Negotiations (Spring 842-August 843)
It was high time for the brothers to come to terms. Frankish political turmoil had dramatically emboldened foreign sea-borne raiders, who now went so far as to pillage important centers like Quentovic and even Rouen. To dislodge one group of Northmen, the monks of St. Wandrille had agreed to pay an enormous tribute, and thereby introduced an inviting precedent. A group of Danes also settled themselves, with Lothar’s consent, on the Frisian island of Walcheren and some neighbouring places. In Provence, Muslim raiders attacked Marseille and Arles, while other Arab forces made inroads against Benevento in southern Italy. Finally, the usual restiveness of Aquitaine, Brittany, Saxony, and the Slavs posed a host of additional challenges.
The Difficulties 
Nevertheless, the negotiations were to last for well over a year, such was the mistrust of the parties and the difficulty of the issues involved. On 15 June 842, the three brothers came together near Mâcon, and agreed to keep the peace until autumn, when a meeting of delegates was scheduled to convene on 30 September for the purpose of dividing the empire equally and fairly. This gathering was scuttled due to fears aroused by Lothar’s behaviour. Another meeting successfully convened on 19 October 842 at Koblenz, where the Rhine separated the camps of the two delegations, and the abbey of St. Castor served as a site for their deliberations. Although Charles and Louis had originally agreed that Lothar should choose first among the three parts of the kingdom, Lothar’s envoys cavilled over the terms of a “fair and equitable partition” in face of the avowed ignorance of all concerning the empire’s extent and resources. Although Charles and Louis had offered him everything between the Rhine in the east and the Meuse, Saône, and Rhone in the west, Lothar wanted, in addition, those portions of the Carolingian heartland that lay west of the Meuse in the region of the Charbonnière Forest. In the end, the protests of Lothar’s delegates over what was “fair and equitable” backfired. It was decided that no decision could be made until a survey of the empire was taken to ensure a just partition. The truce between the brothers was twice extended while commissioners worked to assess the resources of the empire. Though arduous and long, their work was furthered by inventories (descriptiones) listing bishoprics, religious foundations, counties, and royal properties.
Charles’s Marriage
Meanwhile, Charles the Bald used the truce to consolidate his position. He married Ermentrude, the daughter of Count Odo of Orléans, on 14 December 842. Odo stemmed from a family based along the Middle Rhine which was probably related to that of Gerold, Charlemagne’s brother-in-law. Odo himself had married Engeltrude, the sister of Count Gerard and the seneschal Adalhard, one of the most powerful lords in western Francia. Nithard wrote at length concerning Charles’s choice of bride: 
“Louis the Pious in his time had loved this Adalhard so much that he did whatever Adalhard wanted everywhere in the empire. Adalhard cared less for the public good than for pleasing everyone. He persuaded the emperor to distribute privileges and public property for private use, and since he arranged for whatever anyone requested, he totally ruined the government. By this means it happened that he could bend the people to do whatever he wanted.”

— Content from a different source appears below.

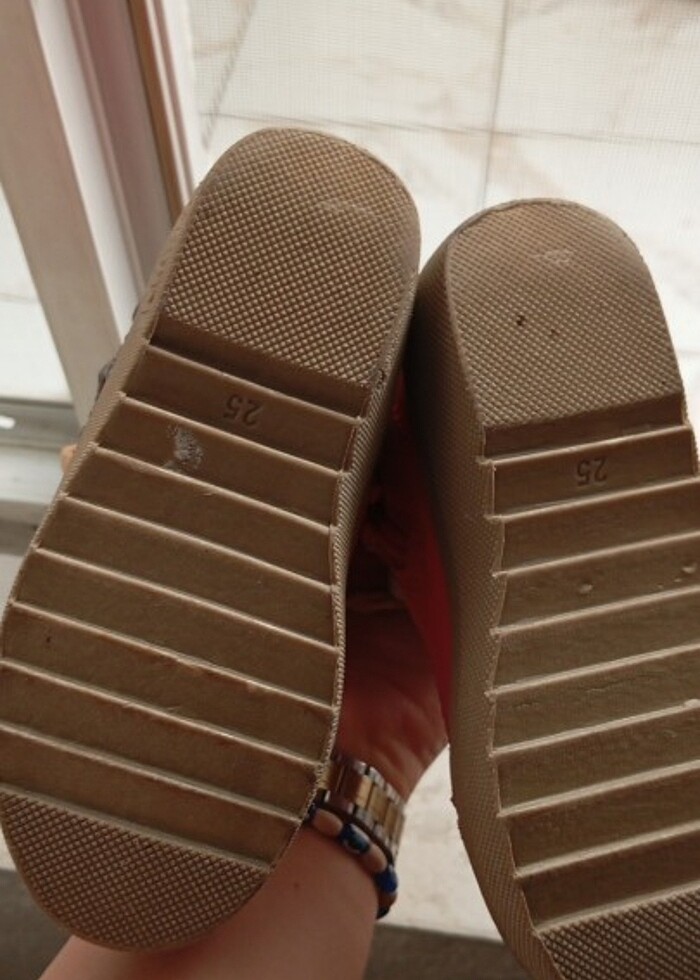 Kırmızı bot - Görsel 4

Charles no doubt hoped to gain the favor of Adalhard through his marriage, even though his brother Gerard had joined Lothar’s cause. For Nithard added: “Charles entered into this marriage above all because he thought he could attract the largest following with Adalhard.” Charles spent the rest of the harsh winter of 843 with his new wife in Aquitaine, prosecuting the fight against Pippin II. Spring brought him a series of unpleasant reports: Empress Judith died on 13 April; Scandinavian raiders captured Nantes on 24 June; and an important victory was scored by the Bretons under the leadership of their duke, Nominoë. The young king required freedom to act, and this largely presupposed a resolution of the disputes surrounding the partition. In August 843, the three brothers agreed to meet at Dugny, near Verdun, and there they concluded their momentous transaction.

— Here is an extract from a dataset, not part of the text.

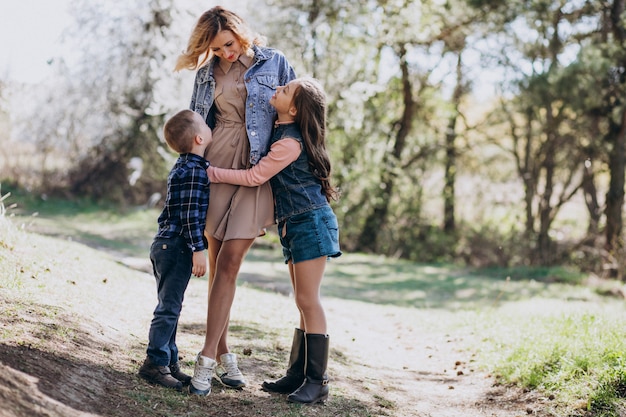 Madre con hijo e hija juntos en el parque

The Treaty of Verdun and Its Terms 
The text of their agreement has not been preserved, but the boundaries of the three kingdoms established around the kernels of Aquitaine, Lombardy, and Bavaria can be determined from indirect evidence. To Charles went everything to the west of a line that roughly followed the Scheldt, Meuse, Saône, and Rhone rivers, while Louis acquired everything east of the Rhine and north of the Alps. Retaining his imperial title, Lothar received the central strip of territories extending from the North Sea to Italy. Still, it is not enough to trace the map of the three kingdoms of the Treaty of Verdun, we must also consider the underlying reasons for the boundaries that emerged.

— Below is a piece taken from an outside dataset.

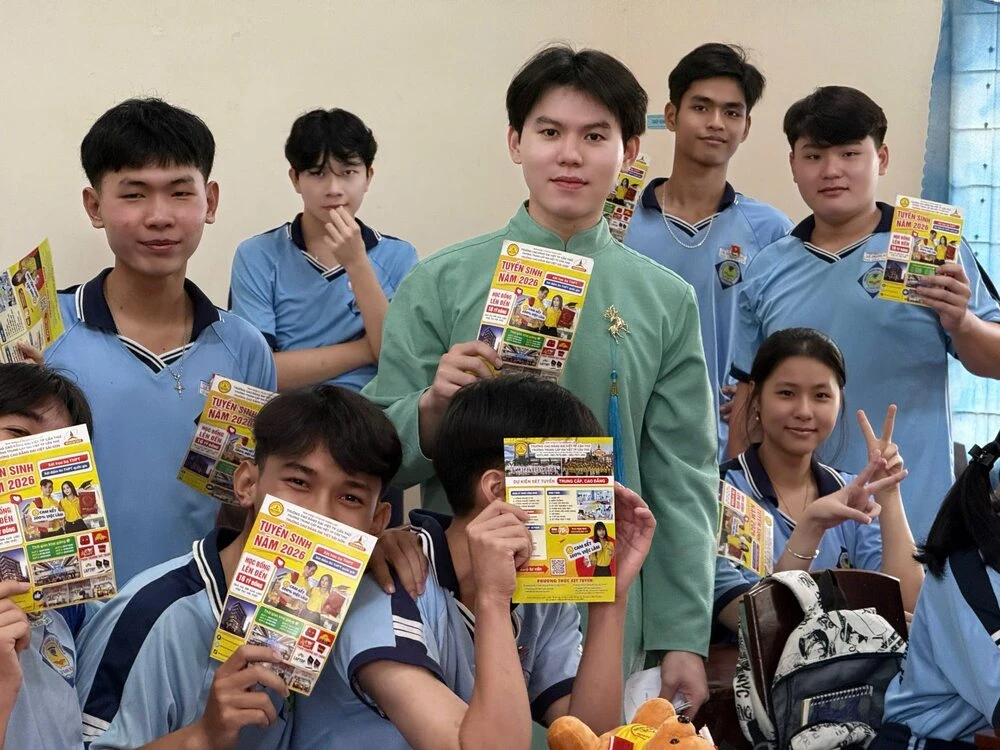 ĐẠI VIỆT CẦN THƠ TIẾP TỤC HÀNH TRÌNH TƯ VẤN HƯỚNG NGHIỆP 2026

The Rationale of the Partition 
Since the nineteenth century, historians, especially in France and Germany, have used a variety of rationales to account for the formation of the three kingdoms. In the heyday of the principle of nationality, the French historians Jules Michelet and Augustin Thierry believed that the negotiators of 843 had sought above all to do justice to national sentiment and linguistic distinctions. Hence, “France” and “Germany” were born at Verdun, while the portion assigned to Lothar was destined to break up into pieces that later emerged as the Netherlands, Belgium, Switzerland, and Italy. This idea proved so durable that Joseph Calmette could still remark in his generally balanced synthesis “Effondrement d'un empire et la naissance d'une Europe (Paris, 1941)” that the Treaty of Verdun had ‘Violated nature” in establishing a no-man’s-land between France and Germany. The negotiators had cut into “the living flesh of France and Germany, and the wounds thus made had never healed, and had even reopened at periodic intervals.” In his “Naissance de la France (Paris, 1948)”, Ferdinand Lot was in general more circumspect. Although he noted that “no concept of race or language had ever determined the shape of Carolingian or Merovingian partitions,” he added that “having experienced the rupture of their close tics, the future France and Germany could take stock of their individuality, until then confused, and live henceforth independent existences.” Moreover, he judged that “without the amputation of her eastern flank, France could never have arisen: France could only live at the cost of losing an arm.” 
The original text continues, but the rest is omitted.